(Short web captions)
-------
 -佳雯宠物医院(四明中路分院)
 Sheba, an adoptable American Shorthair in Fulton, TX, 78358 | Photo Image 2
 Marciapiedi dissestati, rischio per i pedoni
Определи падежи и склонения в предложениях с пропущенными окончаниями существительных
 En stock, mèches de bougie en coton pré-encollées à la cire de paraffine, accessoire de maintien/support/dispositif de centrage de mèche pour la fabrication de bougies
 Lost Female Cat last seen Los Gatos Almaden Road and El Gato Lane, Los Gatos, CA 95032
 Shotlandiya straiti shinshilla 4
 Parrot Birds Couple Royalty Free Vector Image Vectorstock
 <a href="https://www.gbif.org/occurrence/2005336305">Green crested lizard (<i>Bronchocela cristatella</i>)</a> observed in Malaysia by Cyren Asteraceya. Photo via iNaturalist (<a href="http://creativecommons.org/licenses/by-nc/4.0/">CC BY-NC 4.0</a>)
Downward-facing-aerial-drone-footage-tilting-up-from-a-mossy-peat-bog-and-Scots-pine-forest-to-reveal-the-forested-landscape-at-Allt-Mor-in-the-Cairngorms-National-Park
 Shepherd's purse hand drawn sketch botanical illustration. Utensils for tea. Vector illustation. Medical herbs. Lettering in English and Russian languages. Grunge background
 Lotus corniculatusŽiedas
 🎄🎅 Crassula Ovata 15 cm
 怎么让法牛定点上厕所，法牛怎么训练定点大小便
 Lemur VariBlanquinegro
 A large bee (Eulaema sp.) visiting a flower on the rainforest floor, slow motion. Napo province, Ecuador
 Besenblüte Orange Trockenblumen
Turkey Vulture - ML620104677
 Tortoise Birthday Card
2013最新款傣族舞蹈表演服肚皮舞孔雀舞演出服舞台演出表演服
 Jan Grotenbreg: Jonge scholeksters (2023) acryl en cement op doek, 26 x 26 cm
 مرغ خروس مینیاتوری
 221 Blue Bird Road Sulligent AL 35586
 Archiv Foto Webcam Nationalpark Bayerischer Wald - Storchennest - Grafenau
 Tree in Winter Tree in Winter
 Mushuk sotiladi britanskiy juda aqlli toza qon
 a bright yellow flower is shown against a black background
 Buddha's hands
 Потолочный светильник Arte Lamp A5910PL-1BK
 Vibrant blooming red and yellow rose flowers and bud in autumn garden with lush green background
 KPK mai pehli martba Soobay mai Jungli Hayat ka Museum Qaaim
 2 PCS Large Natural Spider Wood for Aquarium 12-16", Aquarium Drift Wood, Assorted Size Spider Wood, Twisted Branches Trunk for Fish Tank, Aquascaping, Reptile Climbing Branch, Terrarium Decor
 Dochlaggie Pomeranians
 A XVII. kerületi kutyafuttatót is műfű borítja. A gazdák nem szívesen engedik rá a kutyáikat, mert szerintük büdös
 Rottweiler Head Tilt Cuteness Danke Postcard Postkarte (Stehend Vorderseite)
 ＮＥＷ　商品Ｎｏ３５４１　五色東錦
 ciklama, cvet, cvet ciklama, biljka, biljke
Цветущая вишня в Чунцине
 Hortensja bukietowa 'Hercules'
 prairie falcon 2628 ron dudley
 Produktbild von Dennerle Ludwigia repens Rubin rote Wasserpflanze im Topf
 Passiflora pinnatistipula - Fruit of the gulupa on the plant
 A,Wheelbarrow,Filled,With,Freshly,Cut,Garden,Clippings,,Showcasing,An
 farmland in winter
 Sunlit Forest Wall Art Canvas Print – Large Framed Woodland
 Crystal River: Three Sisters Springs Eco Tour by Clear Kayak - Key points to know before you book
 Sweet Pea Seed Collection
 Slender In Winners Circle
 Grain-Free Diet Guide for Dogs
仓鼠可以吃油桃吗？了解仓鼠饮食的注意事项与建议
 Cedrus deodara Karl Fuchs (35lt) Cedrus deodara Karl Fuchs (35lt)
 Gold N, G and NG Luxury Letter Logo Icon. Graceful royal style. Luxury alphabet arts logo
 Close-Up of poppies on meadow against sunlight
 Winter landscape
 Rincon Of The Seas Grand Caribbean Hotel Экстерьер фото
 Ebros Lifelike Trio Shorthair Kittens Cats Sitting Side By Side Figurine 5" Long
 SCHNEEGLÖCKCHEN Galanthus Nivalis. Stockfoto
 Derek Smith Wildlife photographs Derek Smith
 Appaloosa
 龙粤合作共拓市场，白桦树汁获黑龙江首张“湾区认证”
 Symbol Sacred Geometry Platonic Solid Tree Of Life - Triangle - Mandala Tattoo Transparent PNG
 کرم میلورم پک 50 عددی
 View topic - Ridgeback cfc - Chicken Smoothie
-------
**Task item**
Copy, from the data above, every line where the word "Tree" appears.

**Answer box**
 Tree in Winter Tree in Winter
 Symbol Sacred Geometry Platonic Solid Tree Of Life - Triangle - Mandala Tattoo Transparent PNG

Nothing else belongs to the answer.